— Available data —
_ _ _ _ _ _ _
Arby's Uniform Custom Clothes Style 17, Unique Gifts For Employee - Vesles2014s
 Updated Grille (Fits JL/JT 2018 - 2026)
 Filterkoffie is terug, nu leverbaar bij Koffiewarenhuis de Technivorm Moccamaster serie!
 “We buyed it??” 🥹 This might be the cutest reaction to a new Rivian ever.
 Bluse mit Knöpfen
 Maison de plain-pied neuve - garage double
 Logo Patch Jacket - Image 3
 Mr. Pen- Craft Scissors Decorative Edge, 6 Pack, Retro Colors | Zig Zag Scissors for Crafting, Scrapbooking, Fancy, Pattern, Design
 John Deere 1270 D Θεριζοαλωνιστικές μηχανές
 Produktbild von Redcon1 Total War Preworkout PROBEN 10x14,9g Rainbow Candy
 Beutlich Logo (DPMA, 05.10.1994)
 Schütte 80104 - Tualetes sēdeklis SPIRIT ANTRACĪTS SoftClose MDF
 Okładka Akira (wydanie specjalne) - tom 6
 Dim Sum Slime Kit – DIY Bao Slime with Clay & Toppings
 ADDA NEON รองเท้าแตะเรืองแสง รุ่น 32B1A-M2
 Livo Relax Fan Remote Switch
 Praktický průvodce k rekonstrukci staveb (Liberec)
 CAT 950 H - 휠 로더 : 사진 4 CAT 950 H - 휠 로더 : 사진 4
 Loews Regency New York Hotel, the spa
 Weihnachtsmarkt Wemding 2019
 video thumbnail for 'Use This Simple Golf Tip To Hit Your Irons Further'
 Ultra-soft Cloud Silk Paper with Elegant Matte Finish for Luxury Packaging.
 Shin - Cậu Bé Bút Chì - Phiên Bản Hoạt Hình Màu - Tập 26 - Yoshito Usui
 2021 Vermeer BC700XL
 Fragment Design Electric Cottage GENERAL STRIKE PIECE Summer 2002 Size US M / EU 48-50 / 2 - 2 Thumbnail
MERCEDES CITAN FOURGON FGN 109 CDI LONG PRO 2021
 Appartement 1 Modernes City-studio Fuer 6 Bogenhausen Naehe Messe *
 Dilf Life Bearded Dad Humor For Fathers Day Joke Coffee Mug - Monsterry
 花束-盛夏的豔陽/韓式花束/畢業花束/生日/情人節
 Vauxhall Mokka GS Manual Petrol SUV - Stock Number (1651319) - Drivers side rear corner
_ _ _ _ _ _ _
— Exercise objective —
Quote all of the entries verbatim.

— Your response —
Arby's Uniform Custom Clothes Style 17, Unique Gifts For Employee - Vesles2014s
 Updated Grille (Fits JL/JT 2018 - 2026)
 Filterkoffie is terug, nu leverbaar bij Koffiewarenhuis de Technivorm Moccamaster serie!
 “We buyed it??” 🥹 This might be the cutest reaction to a new Rivian ever.
 Bluse mit Knöpfen
 Maison de plain-pied neuve - garage double
 Logo Patch Jacket - Image 3
 Mr. Pen- Craft Scissors Decorative Edge, 6 Pack, Retro Colors | Zig Zag Scissors for Crafting, Scrapbooking, Fancy, Pattern, Design
 John Deere 1270 D Θεριζοαλωνιστικές μηχανές
 Produktbild von Redcon1 Total War Preworkout PROBEN 10x14,9g Rainbow Candy
 Beutlich Logo (DPMA, 05.10.1994)
 Schütte 80104 - Tualetes sēdeklis SPIRIT ANTRACĪTS SoftClose MDF
 Okładka Akira (wydanie specjalne) - tom 6
 Dim Sum Slime Kit – DIY Bao Slime with Clay & Toppings
 ADDA NEON รองเท้าแตะเรืองแสง รุ่น 32B1A-M2
 Livo Relax Fan Remote Switch
 Praktický průvodce k rekonstrukci staveb (Liberec)
 CAT 950 H - 휠 로더 : 사진 4 CAT 950 H - 휠 로더 : 사진 4
 Loews Regency New York Hotel, the spa
 Weihnachtsmarkt Wemding 2019
 video thumbnail for 'Use This Simple Golf Tip To Hit Your Irons Further'
 Ultra-soft Cloud Silk Paper with Elegant Matte Finish for Luxury Packaging.
 Shin - Cậu Bé Bút Chì - Phiên Bản Hoạt Hình Màu - Tập 26 - Yoshito Usui
 2021 Vermeer BC700XL
 Fragment Design Electric Cottage GENERAL STRIKE PIECE Summer 2002 Size US M / EU 48-50 / 2 - 2 Thumbnail
MERCEDES CITAN FOURGON FGN 109 CDI LONG PRO 2021
 Appartement 1 Modernes City-studio Fuer 6 Bogenhausen Naehe Messe *
 Dilf Life Bearded Dad Humor For Fathers Day Joke Coffee Mug - Monsterry
 花束-盛夏的豔陽/韓式花束/畢業花束/生日/情人節
 Vauxhall Mokka GS Manual Petrol SUV - Stock Number (1651319) - Drivers side rear corner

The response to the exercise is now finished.